Everyone needs a spiritual shed – a place where they can retreat, think, take time out, reflect and recharge their batteries. Mine is running along the canal and river banks. As a working mother of five daughters, who is taxi service, referee, cook, homework police, and carer; I find the act of putting on my trainers, leaving the house and running by water, calms me. There are no demands along the canal; just the monotonous sound of my feet pounding the path, which becomes a rhythm, a beat of a new song where I am drawn into the wonderful world of nature. I never listen to music while I run because it drowns out the natural chorus around me.
I join a generation of modern-day canal enthusiasts who enjoy being on, or by the side of this wonderful facility.
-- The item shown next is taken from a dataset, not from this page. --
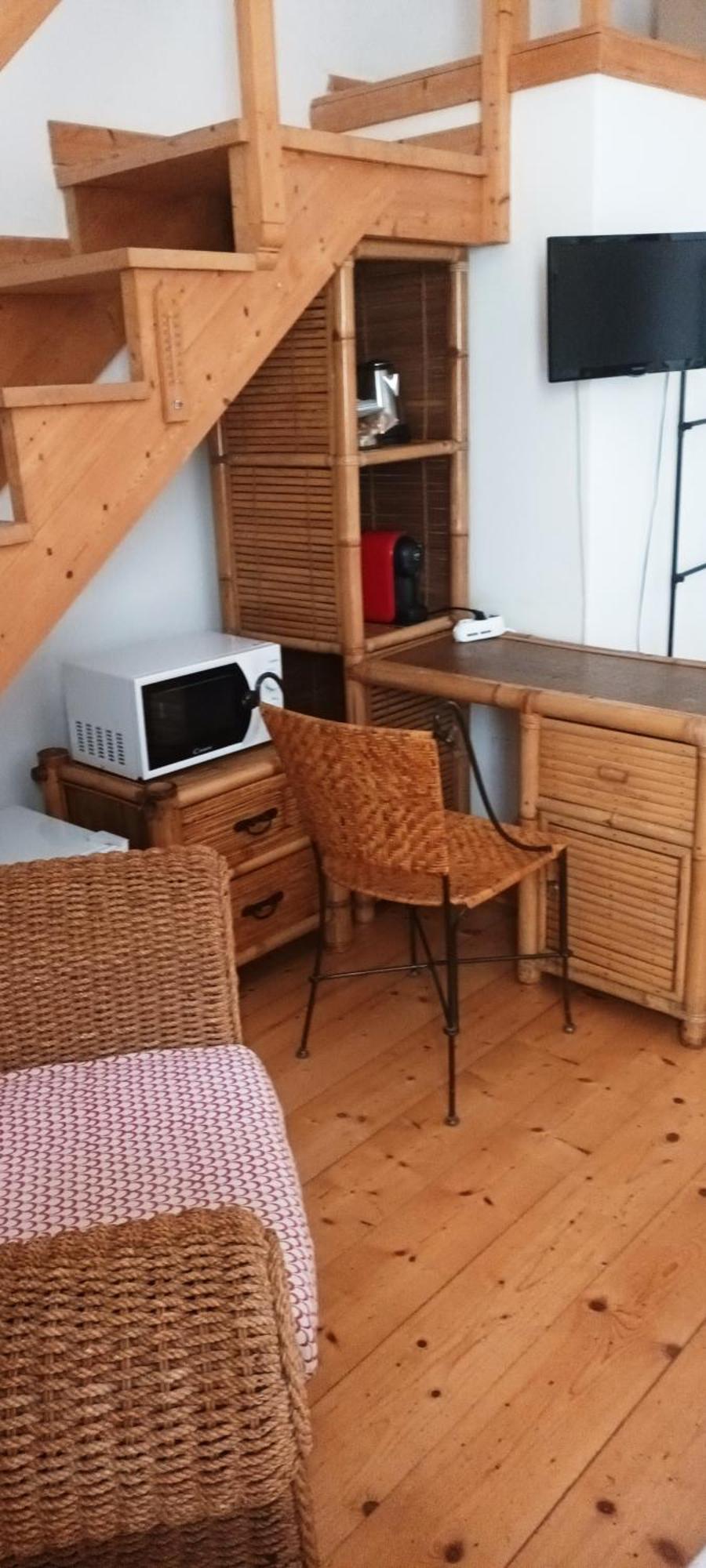 B&B Le Finestre Su Via Cavour Sassari Exteriör bild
Not so long ago, it was a very different scene – a working place. Today it is for leisure and pleasure I use it. Yet, reading the stories of the people who lived and worked here at the National Waterways Museum in Gloucester, I have fresh respect for those industrious historic figures.
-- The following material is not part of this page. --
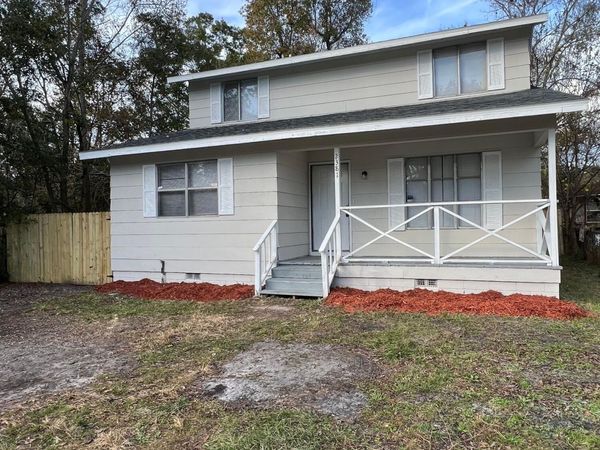 2381 W 1ST Street, Jacksonville, FL 32254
At least five times a week I can be seen running along the Stroudwater Navigation and Thames and Severn canals. The water on one side; the remains of mills on the other. I identify with author Hilary Mantel when she says history is “what's left in the sieve when the centuries have run through it.”
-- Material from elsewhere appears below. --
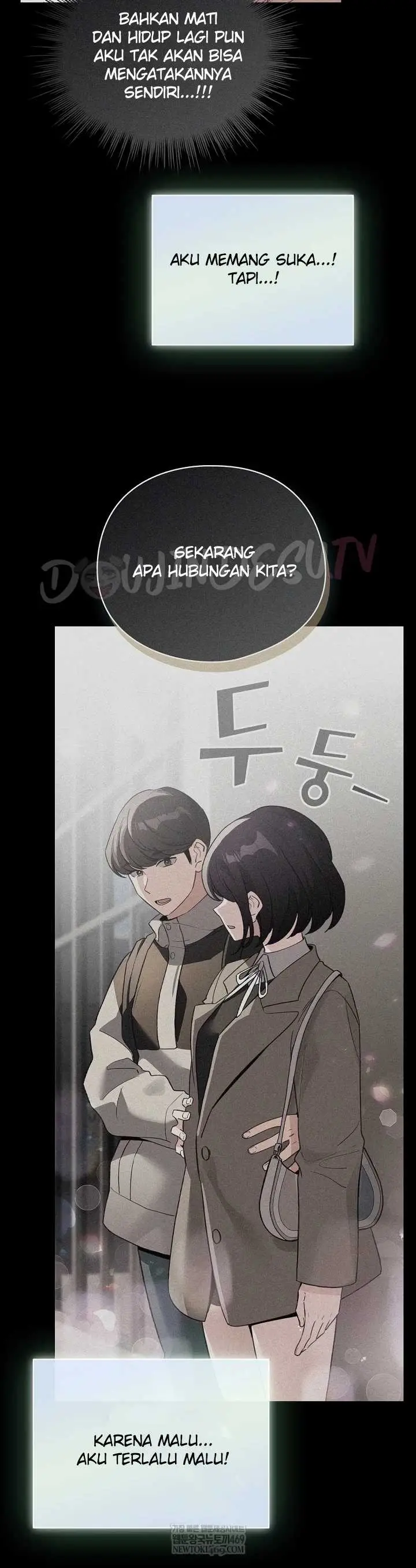 image-komik-became-a-pornhwa-npc-chapter-78-6/57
I run in the present, the now, but all around me is evidence of another time, another place. Stroud's ‘string of pearls,' the collective name for the 170 or more mills, which once roared with the thundering sound of fulling stocks, power looms and water wheels, now have a different sound. Some are restaurants, council offices, fitness suites, private homes and industrial units. Only two of those original pearls remain – Lodgemore and Cam Mills – which still make woollen cloth of international importance, tennis balls for Wimbledon and billiard cloth for World championships.